De acordo com a doutrina brasileira, há dois tipos de revisão contratual no Direito Civil
brasileiro: a do art. 478 e a do art. 317, ambos do Código Civil.
Posto isto, a verdade é que as dificuldades para o bom desenvolvimento das relações
contratuais podem não derivar tanto da pandemia em si, mas das medidas adotadas
pelas autoridades para responder à ameaça sanitária. Tais medidas poderiam
constituir um “fato do príncipe” (fait du prince). Essa noção consiste em uma decisão
tomada pelo poder público que dificulta o cumprimento das obrigações, podendo
ensejar um caso de força maior. Para isso, será necessário que os atos das
autoridades sejam imprevisíveis para o devedor no momento da celebração do
contrato, e que tenham caráter irresistível. No entanto, e aqui reside muito do seu
interesse no cenário atual, para considerar a força maior com base em um fato do
príncipe, não será necessário que ocorra um impedimento total. Bastará que a parte
afetada não possa continuar a exercer a sua atividade nas mesmas condições. É o
caso, por exemplo, dos profissionais da hotelaria que viram a sua atividade limitada à
venda de produtos para levar ou entregar a domicílio.

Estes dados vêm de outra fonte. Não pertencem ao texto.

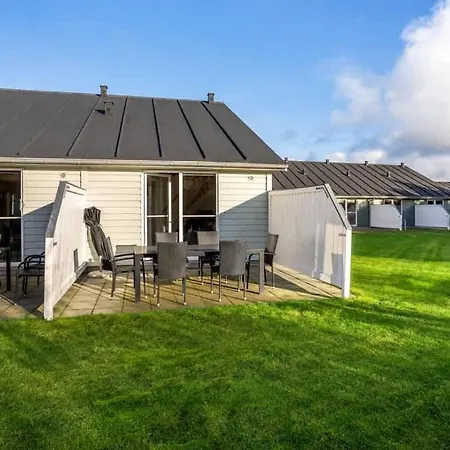 Stunning 6 Person Summerhouse Kragelund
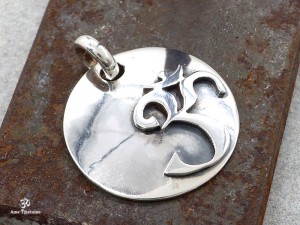 PA163 Pendentif Argent Massif Om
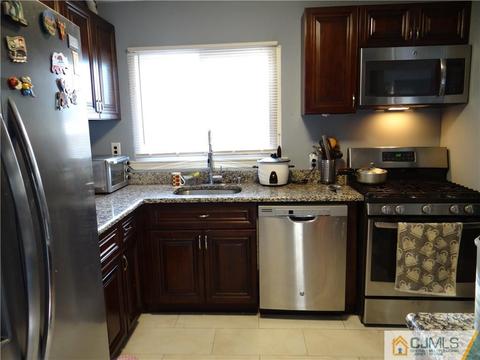 34 Phillips Rd, Edison, NJ 08817 photo 3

3.2 TEORIA DA FRUSTRAÇÃO DO FIM DO CONTRATO
Dentro dos casos de eficácia sobrevinda do contrato, a teoria da frustração do fim do
contrato (Zweckstörung) compartilha com a teoria da imprevisão a existência de um
fato externo, imprevisível e irresistível que sucede de maneira posterior à celebração
deste e que não foi assumido como risco por nenhuma das partes no pacto.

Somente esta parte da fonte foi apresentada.